The combined Chiefs of Staff, at the Casablanca Conference of January 1943, had agreed to Churchillian strategy for the Mediterranean Theater of Operations. In aiming at the "soft underbelly of the Axis" along the Mediterranian, control of Sicily was necessary because of its strategic position dominating the sea lanes between Tunisia and Italy. Invading and conquering Sicily was of paramount importance in making Allied lines of communication more secure for the conquest of Italy. In spite of devastating reverses in the Soviet Union and its stunning defeat in North Africa, the Axis managed to garrison Sicily with ten Italian and three reorganized German divisions.

It was determined that General Alexander’s 18th Army Group would command the Sicilian campaign ground forces, to consist of General Patton’s 7th Army on the left and General Montgomery’s 8th Army on the right. The 443rd Battalion moved on 6 June, from its wheatfield bivouac four miles south of Ferryville, to be attached to the 3rd Infantry Division about 25 miles farther west, near El Alia. Two days later, Lt. Col. Larson, two other officers, four enlisted men and an Arab guide, acting quickly on information received from a French family, searched an area six miles north of El Alia and captured a German lieutenant and nine enlisted men. They had been in hiding since the 9 May surrender, and had been attempting to contact German submarines, off the coast.

On 16 June, the 443rd began waterproofing gun-tracks and other vehicles scheduled for the assault waves in the Sicilian Invasion. Preparation also began for amphibious exercises and landing strategies.

The 443rd Commander had submitted names of all 443rd 2nd lieutenants for promotion to 1st lieutenant. But the 3rd Division Assistant Commander, General Eagles, opposed the action. Lt. Col. Larson then discussed the combat records of these officers with General Truscott, Division Commander. The General directed that the request be re-submitted at the end of the Sicilian Campaign, at which time he would approve it.

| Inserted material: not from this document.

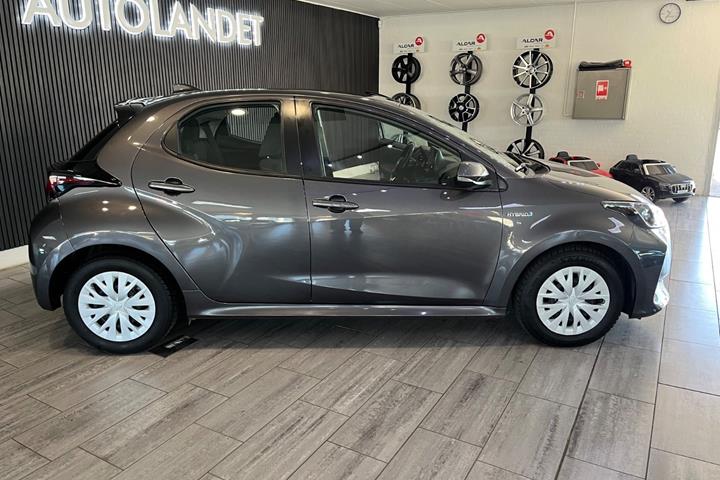 Grå Toyota Yaris fra 2021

During 21/22 June, all Battalion vehicles, destined for the initial assault waves of the invasion, were loaded on landing craft in Lake Bizerte. Batteries A and B loaded on LCTs (Landing Craft, Tank) and Batteries C and D loaded on LSTs (Landing Ship, Transport), to participate in the 3rd Division’s amphibious landing exercises. Following the training all personnel, except drivers and guards, returned to the Battalion bivouac. Then on 27 June, the Battalion received some badly needed equipment. It received 38 M-3 half-tracks for use as platoon, battery and battalion command and communication vehicles as well as for platoon ammunition carriers. On 30 June the Battalion was issued 19 SCR-628 radios, to be installed in command half-tracks. The 443rd, for the first time, looked forward to having adequate communication for command, control and coordination.

Preceding final embarkation for Sicily, his silver hair shining in the hot, late afternoon, African sun, General Truscott addressed all the officers of his command. He reviewed the preparations and the training, now completed, and told the assembled group that, "We do not know the word ‘failure’. We know only that we will be successful or that we will be successful beyond our utmost expectations . . .". As the General was concluding his address, the Sirocco wind, hot as from a blast furnace, came from out of the desert and blew for several minutes. General Truscott, his silver hair blowing in the hot, searing wind, commented, "We can believe in omens and this wind must be a good omen since it blows us in the direction we are going".

On 5, 6, 7 July, personnel and remaining assault vehicles were loaded aboard ship. During the loading, enemy bombers attacked the invasion fleet but were driven off with slight damage. Three men of Battery D were slightly wounded by fragments from antiaircraft gunfire. The Sirocco returned on 6th and 7th July causing severe discomfort as many metal objects became almost too hot to handle. And although it meant a return to combat most Americans were glad to be leaving a land of extreme heat and cold, defeats, stalemates, drudgeries, boredom, death and the excitement of battle and final victory. It symbolized another step toward home.